The Polish Cipher Bureau predated Bletchley Park

Most of Poland’s groundbreaking achievements in code-breaking during the World War II were made possible by the work of mathematicians working at the Polish Cipher Bureau.

An establishment similar to Britain’s Bletchley Park, which became the centre of the Allies’ code-breaking efforts during the same war, the Polish Cipher Bureau (Biuro Szyfrów) was established as a cryptography and cryptanalysis institution almost two decades earlier.

Pressured by a threatening and expanding Soviet Union, the bureau was created in 1919, at the height of the Polish-Soviet War, during which an estimated one hundred Russian ciphers were broken successfully.

One of those figures whose legacy has been highlighted by the exhibition is Marian Rejewski. He studied mathematics at Poznań University, and in 1932 reconstructed the Enigma machine – already in use in Germany – using limited information provided by French military intelligence.

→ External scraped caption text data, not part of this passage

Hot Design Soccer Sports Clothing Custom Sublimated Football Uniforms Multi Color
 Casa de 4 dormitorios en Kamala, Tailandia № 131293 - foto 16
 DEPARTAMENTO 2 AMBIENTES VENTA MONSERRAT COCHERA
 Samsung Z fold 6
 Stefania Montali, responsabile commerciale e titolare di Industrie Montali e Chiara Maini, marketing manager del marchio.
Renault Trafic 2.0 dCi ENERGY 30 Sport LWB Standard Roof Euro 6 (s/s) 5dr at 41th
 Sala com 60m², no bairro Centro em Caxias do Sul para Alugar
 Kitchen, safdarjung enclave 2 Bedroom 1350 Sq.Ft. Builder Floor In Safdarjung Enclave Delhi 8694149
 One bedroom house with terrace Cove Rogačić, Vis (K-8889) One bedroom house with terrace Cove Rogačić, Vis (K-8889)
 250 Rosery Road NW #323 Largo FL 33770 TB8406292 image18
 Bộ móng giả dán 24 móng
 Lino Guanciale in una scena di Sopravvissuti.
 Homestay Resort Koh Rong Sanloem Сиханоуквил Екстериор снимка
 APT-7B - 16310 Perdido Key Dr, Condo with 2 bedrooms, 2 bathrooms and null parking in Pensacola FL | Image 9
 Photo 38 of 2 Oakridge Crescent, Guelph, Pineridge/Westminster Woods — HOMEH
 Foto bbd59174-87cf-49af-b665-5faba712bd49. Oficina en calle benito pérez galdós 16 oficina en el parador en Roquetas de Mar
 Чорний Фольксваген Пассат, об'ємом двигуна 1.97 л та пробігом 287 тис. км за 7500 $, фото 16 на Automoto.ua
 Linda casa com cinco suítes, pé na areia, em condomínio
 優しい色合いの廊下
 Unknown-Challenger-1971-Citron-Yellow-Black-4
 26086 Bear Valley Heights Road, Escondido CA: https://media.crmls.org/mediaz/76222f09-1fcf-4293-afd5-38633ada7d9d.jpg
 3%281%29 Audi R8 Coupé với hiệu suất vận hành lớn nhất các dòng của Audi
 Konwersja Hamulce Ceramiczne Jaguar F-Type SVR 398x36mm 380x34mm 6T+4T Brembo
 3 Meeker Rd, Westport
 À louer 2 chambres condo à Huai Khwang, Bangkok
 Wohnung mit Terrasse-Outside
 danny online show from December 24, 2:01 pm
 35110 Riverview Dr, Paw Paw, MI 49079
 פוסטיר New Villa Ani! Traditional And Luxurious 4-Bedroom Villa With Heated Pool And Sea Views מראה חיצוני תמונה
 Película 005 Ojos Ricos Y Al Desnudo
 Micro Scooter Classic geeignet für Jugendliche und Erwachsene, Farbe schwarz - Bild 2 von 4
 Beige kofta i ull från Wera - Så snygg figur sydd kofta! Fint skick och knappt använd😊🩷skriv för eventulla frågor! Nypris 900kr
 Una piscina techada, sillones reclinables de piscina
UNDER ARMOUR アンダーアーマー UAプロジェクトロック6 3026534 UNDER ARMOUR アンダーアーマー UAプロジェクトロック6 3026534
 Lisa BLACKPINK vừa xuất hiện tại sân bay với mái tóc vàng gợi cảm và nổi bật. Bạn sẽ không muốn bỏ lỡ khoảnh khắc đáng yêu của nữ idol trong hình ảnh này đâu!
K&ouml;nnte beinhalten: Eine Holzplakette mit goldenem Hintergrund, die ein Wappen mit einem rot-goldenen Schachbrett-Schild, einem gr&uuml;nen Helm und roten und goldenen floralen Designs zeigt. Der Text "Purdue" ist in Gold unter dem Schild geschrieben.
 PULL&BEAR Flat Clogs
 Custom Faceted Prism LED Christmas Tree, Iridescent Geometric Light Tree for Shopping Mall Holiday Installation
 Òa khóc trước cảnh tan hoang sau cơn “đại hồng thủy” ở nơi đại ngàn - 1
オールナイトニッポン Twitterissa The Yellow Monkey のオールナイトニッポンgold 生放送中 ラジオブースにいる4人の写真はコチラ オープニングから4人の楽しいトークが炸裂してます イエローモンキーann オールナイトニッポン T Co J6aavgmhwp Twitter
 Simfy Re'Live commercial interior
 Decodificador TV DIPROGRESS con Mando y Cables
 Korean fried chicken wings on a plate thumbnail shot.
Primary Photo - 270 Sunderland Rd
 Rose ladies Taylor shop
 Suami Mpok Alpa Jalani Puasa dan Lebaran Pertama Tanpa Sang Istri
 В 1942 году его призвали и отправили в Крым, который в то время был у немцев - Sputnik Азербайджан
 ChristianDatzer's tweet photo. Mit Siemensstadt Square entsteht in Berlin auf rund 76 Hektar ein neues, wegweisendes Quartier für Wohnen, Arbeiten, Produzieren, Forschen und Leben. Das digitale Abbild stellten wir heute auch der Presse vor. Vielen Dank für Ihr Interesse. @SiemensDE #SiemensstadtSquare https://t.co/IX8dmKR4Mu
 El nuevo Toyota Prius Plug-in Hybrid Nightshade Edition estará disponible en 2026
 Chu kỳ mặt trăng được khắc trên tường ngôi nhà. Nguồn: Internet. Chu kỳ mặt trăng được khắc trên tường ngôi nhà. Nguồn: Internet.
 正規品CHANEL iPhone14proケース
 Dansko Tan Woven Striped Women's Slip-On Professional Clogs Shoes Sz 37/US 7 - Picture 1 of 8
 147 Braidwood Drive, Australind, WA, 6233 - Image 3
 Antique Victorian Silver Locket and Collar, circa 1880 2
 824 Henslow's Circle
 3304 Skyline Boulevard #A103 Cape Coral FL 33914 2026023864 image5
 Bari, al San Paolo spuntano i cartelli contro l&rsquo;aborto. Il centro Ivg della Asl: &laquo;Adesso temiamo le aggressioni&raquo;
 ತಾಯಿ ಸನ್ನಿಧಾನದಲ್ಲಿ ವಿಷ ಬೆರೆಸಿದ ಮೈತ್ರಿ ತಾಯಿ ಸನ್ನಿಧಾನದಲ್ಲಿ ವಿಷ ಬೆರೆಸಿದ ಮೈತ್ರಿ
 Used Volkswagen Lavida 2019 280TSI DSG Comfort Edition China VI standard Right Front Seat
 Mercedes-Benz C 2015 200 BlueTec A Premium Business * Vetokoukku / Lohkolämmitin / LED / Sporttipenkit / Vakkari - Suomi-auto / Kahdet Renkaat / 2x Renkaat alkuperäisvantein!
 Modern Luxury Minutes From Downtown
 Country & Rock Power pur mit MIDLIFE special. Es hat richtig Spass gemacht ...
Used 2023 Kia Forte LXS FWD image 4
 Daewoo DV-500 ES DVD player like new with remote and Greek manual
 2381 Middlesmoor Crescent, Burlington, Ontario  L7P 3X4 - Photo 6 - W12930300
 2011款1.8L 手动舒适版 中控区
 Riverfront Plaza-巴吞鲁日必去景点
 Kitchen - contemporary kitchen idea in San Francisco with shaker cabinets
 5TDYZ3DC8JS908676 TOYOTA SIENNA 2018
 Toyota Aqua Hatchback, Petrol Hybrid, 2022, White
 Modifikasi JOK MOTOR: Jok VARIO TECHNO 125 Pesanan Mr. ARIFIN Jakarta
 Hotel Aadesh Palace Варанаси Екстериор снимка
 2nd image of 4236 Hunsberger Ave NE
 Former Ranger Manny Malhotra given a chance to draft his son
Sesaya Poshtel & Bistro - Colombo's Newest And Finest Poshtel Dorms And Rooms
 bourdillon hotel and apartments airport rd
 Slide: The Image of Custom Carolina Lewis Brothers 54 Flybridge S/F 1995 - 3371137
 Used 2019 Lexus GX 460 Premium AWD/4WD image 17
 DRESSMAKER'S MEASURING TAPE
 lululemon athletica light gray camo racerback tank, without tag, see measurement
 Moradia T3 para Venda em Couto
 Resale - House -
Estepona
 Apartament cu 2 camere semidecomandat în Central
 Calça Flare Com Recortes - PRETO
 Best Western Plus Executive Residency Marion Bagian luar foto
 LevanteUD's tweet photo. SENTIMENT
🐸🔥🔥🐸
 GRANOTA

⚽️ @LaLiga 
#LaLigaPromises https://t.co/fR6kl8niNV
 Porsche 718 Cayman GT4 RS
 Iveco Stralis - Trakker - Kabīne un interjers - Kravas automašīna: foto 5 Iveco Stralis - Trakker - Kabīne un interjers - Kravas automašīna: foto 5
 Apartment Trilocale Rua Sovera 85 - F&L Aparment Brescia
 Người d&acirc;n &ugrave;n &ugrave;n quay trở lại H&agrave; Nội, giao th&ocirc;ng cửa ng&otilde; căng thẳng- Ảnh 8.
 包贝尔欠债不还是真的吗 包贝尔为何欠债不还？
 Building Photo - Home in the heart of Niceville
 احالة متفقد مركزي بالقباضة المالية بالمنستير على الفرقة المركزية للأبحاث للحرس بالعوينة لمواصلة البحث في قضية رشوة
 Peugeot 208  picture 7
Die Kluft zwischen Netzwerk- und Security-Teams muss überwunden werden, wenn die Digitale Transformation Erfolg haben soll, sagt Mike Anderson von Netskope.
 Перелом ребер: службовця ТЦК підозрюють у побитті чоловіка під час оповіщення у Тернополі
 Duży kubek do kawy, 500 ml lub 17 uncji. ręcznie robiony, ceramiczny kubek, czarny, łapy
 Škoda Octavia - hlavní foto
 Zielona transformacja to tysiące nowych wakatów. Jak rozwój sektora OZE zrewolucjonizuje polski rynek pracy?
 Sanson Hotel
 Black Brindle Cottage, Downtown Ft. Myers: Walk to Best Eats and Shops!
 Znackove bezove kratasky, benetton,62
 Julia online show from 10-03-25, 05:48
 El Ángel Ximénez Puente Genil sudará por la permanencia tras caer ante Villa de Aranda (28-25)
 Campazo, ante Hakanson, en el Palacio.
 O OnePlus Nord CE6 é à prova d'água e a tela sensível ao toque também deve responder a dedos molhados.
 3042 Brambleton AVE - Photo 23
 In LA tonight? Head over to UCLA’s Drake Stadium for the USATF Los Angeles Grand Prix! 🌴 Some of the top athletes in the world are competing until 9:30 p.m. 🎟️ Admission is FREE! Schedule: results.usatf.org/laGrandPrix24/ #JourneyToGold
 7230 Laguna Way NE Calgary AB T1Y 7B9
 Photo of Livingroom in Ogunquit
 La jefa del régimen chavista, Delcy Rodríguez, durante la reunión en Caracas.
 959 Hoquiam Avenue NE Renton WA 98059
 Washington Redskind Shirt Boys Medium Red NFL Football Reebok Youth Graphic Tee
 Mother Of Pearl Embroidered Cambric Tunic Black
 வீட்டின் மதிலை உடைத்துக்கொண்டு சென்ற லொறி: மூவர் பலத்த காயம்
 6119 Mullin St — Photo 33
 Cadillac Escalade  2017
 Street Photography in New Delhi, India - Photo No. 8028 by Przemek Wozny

In particular, Rejewski was the first to note the cyclical nature of the cipher machine. Knowing this feature, he used mathematics to reconstruct it without ever having to see it, and eventually the first to attempt to read a message sent by the Enigma.

As early as 1920, Rejewski was one of 26 students at the Faculty of Mathematics at Poznań University to be selected by Maksymilian Ciężki, the head of the Polish Cipher Bureau at the time, to take part in a cryptology course.

After six months Rejewski was one of the eight mathematicians working at a “specially-organised branch” of the Polish Cipher Bureau.

Also part of the team was Henryk Zygalski, who in 1938 developed the Zygalski sheets – a cryptologic technique which was later heavily utilised at Bletchley Park to finalise efforts to decode the Enigma.

According to exhibition, Turing acquired Zygalski’s work during a trip to France in 1940 when he cooperated with his Polish counterparts

As the allies were making final efforts to break the German code, Rejewski and Zygalski, alongside Jerzy Różycki, also of the Polish Cipher Bureau, joined Turing at Bletchley Park. The three mathematicians are now commemorated at Bletchley’s Polish Memorial.

“They invited the French and British and explained all their codebreaking methods and handed over a Polish mock-up of the Enigma machine which they’d made,” says Bletchley Park Polish expert John Gallehawk.

According to Gallehawk, during the war, it was “a magnanimous gift for one country to reveal its intelligence secrets to another.”

In April 1940, the team made up of British and Polish mathematicians successfully decoded the Enigma, which historians have argued shortened the war by two years.

Legacy

At the end of the war Henryk Zygalski chose to remain in the UK. And yet while the Zygalski sheets were vital for Turing to successfully decode the Enigma and for the Allies eventual victory, the UK did not recognise his Polish diploma and he had to enrol on a mathematics degree course at a British university.

Unsurprisingly, Zygalski completed his degree with ease and eventually became a lecturer of mathematical statistics at the University of Surrey and remained in the country until passing away in 1978.

Just prior to his death, Zygalski was also awarded an honorary doctorate by the Polish University in Exile in London for his essential contribution to breaking the Enigma.

His colleague Marian Rejewski, whose work at Bletchley Park was equally important, returned to Poland after the end of the war where he began working as an accountant and remained reluctant to speak of his contribution to the British war efforts, so as not to attract any unwanted attention from Poland’s communist government.

Only in 1967 did he submit his accounts of World War II to the Polish Military Historical Institute.